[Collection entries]
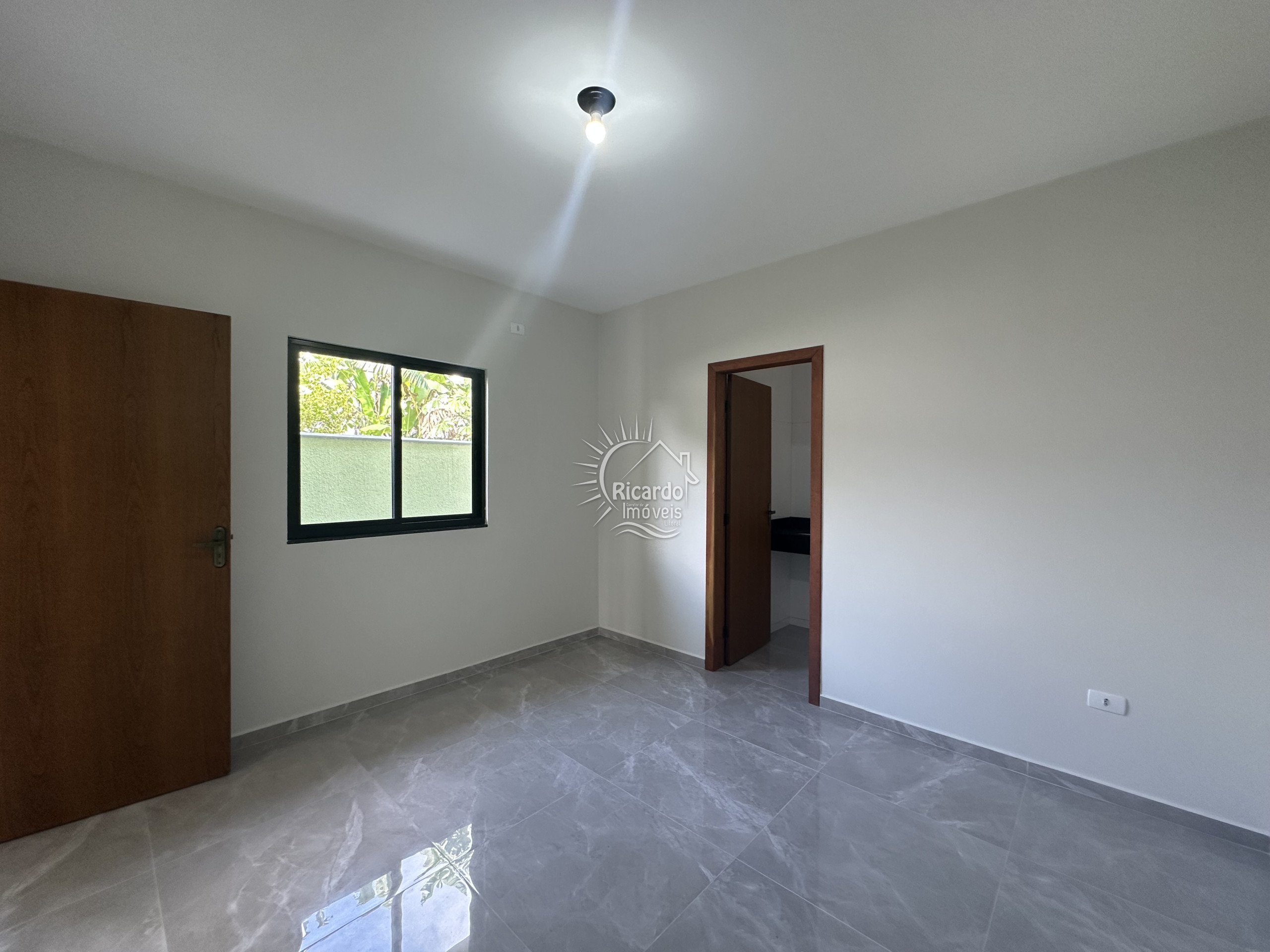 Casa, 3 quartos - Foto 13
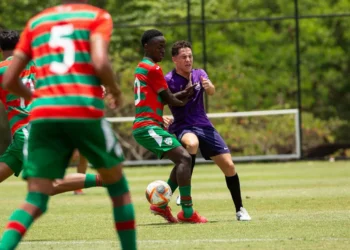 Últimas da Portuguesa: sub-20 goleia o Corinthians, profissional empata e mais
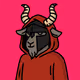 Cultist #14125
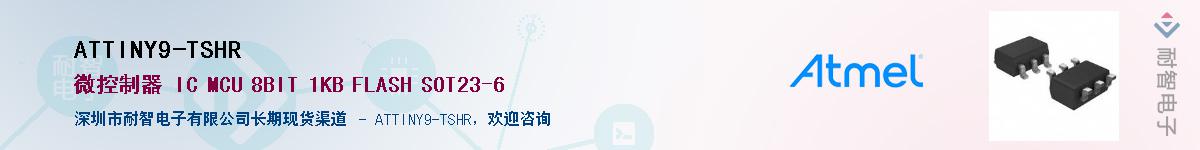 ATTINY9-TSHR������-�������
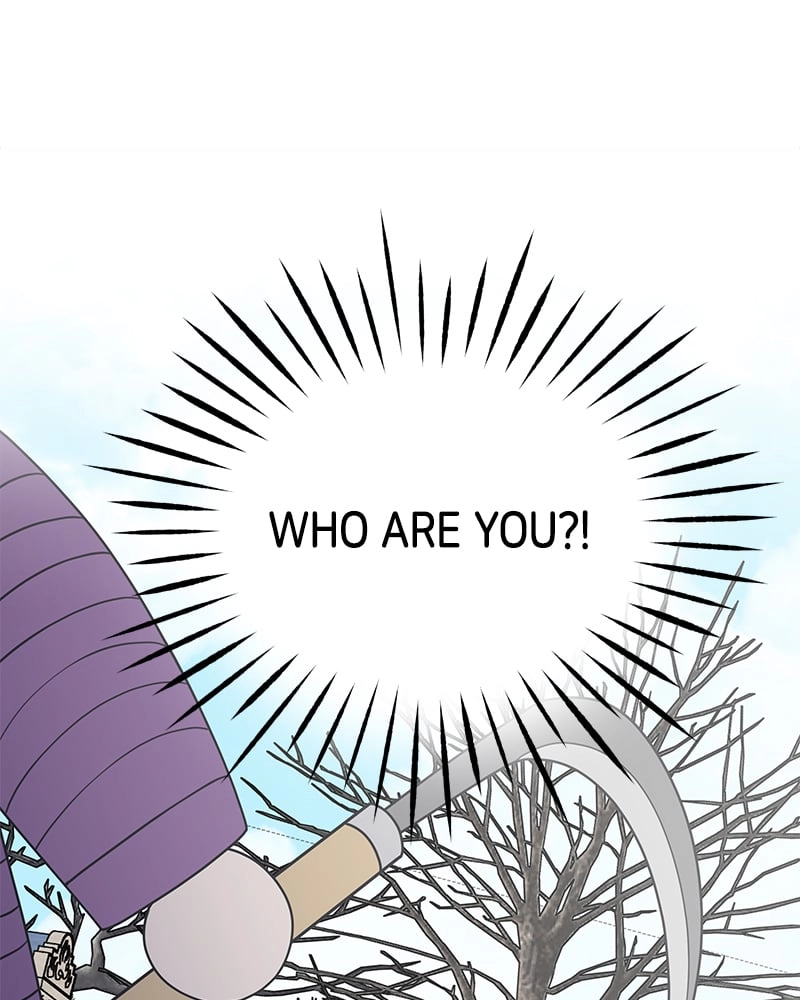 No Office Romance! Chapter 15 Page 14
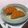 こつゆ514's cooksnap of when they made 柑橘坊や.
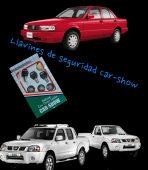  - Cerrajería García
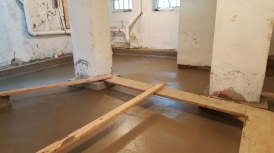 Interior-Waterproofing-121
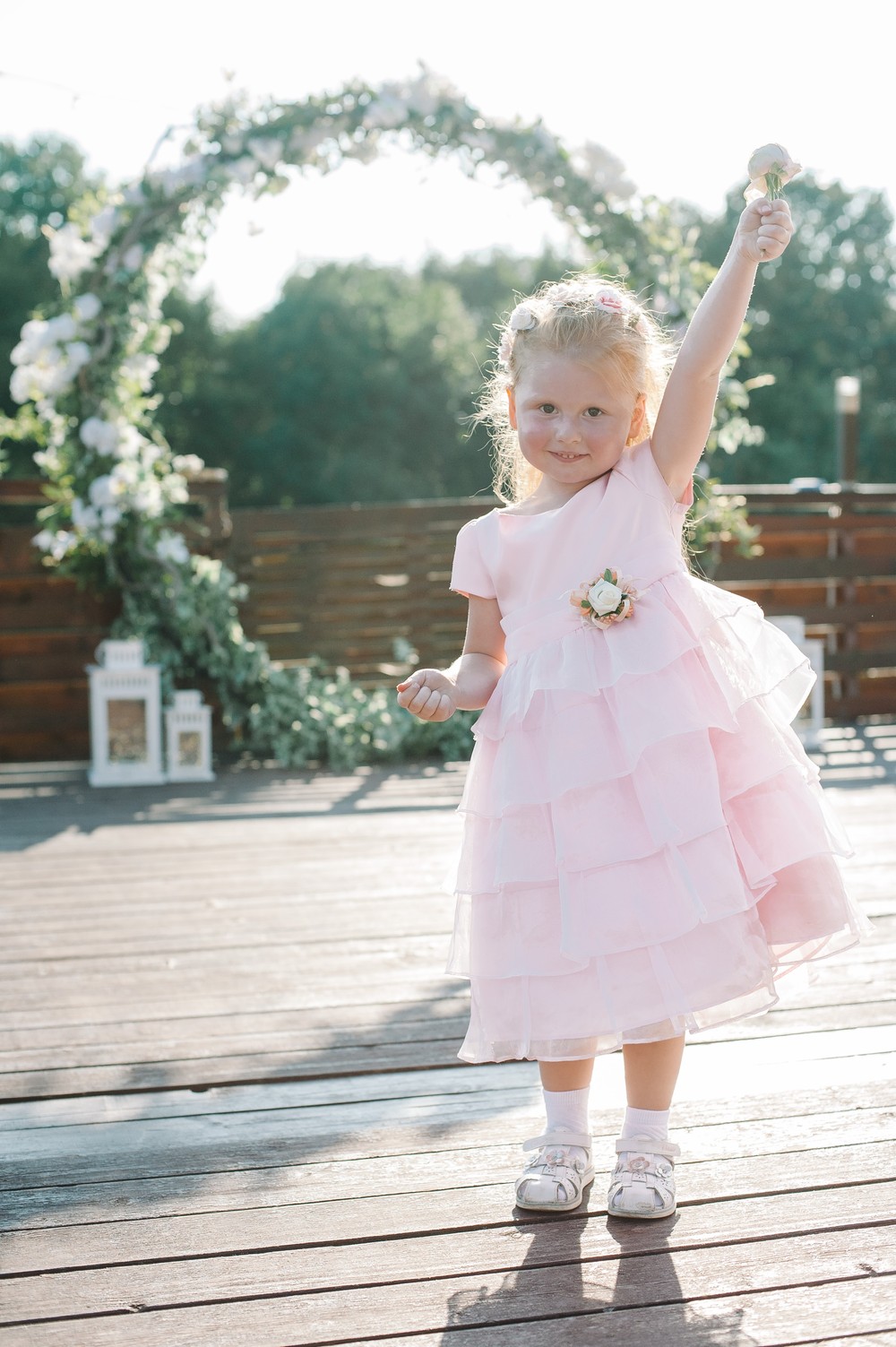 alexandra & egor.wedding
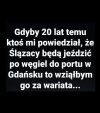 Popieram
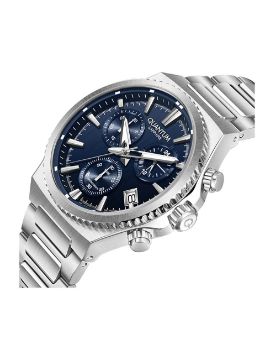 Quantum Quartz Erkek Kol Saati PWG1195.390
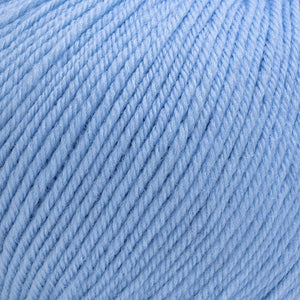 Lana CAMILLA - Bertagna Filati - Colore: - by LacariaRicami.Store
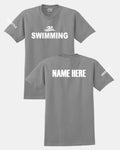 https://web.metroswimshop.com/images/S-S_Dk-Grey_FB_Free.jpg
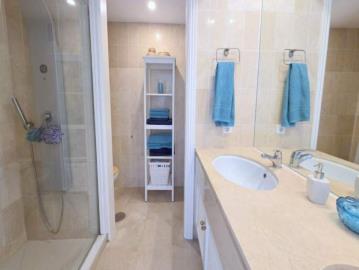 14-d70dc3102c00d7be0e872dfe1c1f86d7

...

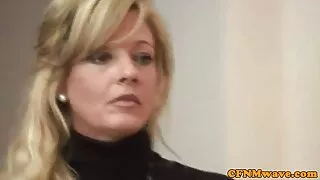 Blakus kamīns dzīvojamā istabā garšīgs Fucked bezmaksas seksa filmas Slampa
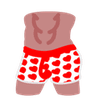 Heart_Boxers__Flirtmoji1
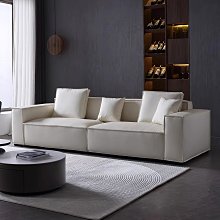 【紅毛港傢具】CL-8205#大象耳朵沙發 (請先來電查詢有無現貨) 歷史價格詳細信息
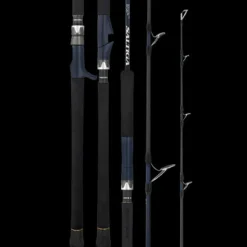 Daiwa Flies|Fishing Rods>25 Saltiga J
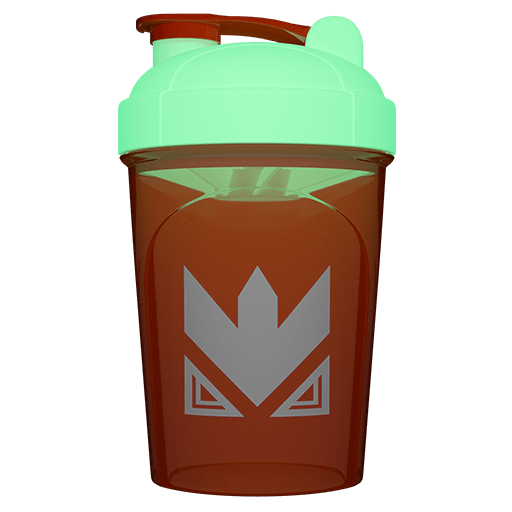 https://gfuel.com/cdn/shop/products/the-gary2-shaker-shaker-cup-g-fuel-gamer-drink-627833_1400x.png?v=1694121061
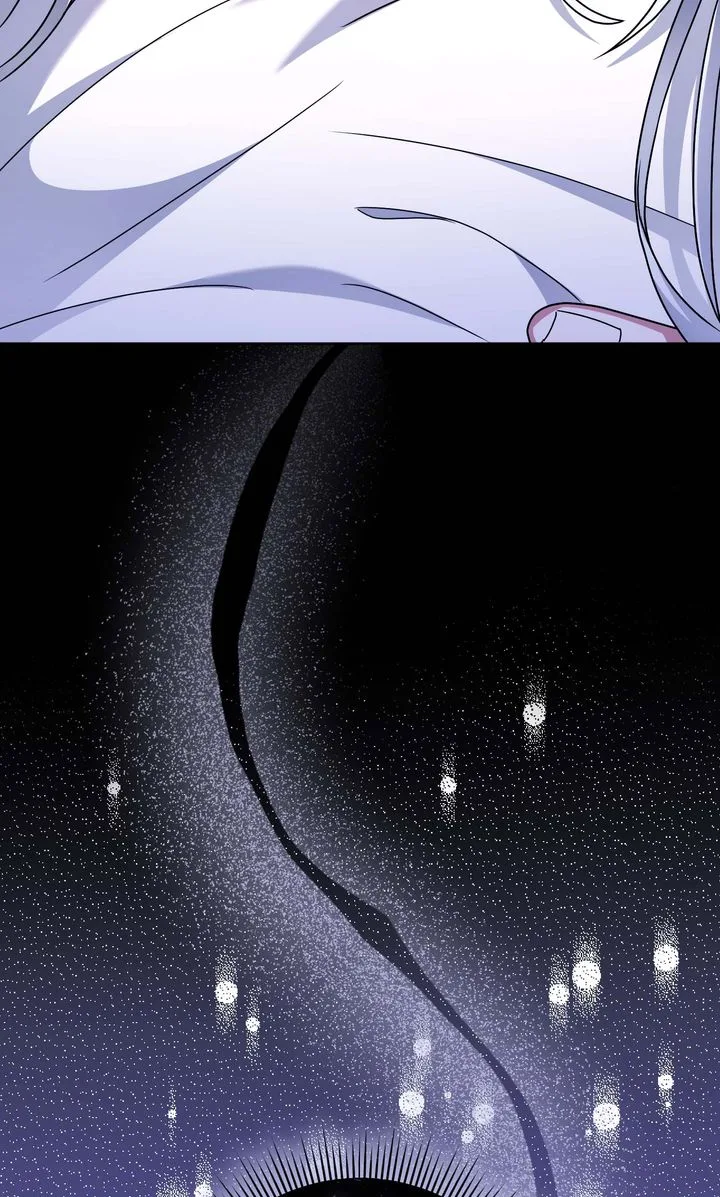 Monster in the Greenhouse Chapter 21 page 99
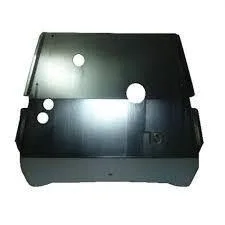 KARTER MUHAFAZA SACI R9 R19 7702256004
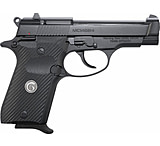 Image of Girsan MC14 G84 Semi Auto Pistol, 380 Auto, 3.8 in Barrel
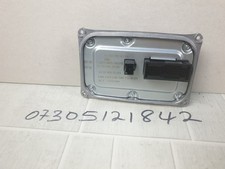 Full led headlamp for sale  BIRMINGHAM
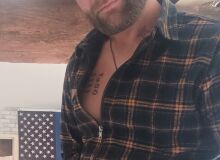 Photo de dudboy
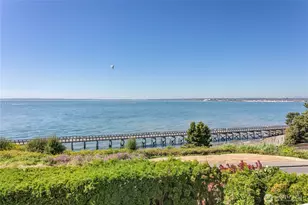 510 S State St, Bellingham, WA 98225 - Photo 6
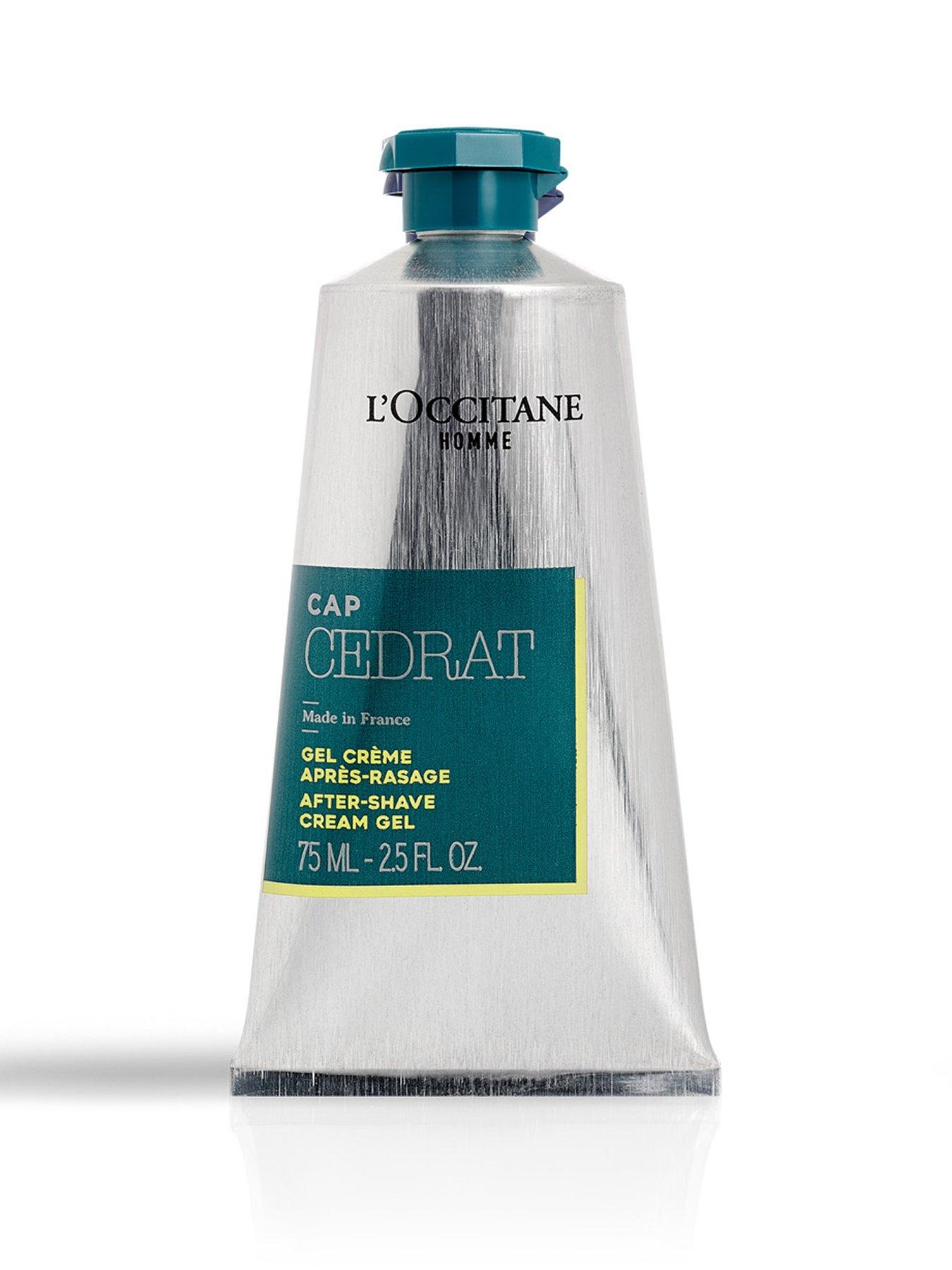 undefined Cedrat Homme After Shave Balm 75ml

## WHAT THE TASK ASKS
Look above for the line with "Photo de dudboy" and copy exactly from it through the line with "undefined Cedrat Homme After Shave Balm 75ml", both included. Omit the pictures.

## RESPONSE TO THIS EXERCISE
 Photo de dudboy
 510 S State St, Bellingham, WA 98225 - Photo 6
 undefined Cedrat Homme After Shave Balm 75ml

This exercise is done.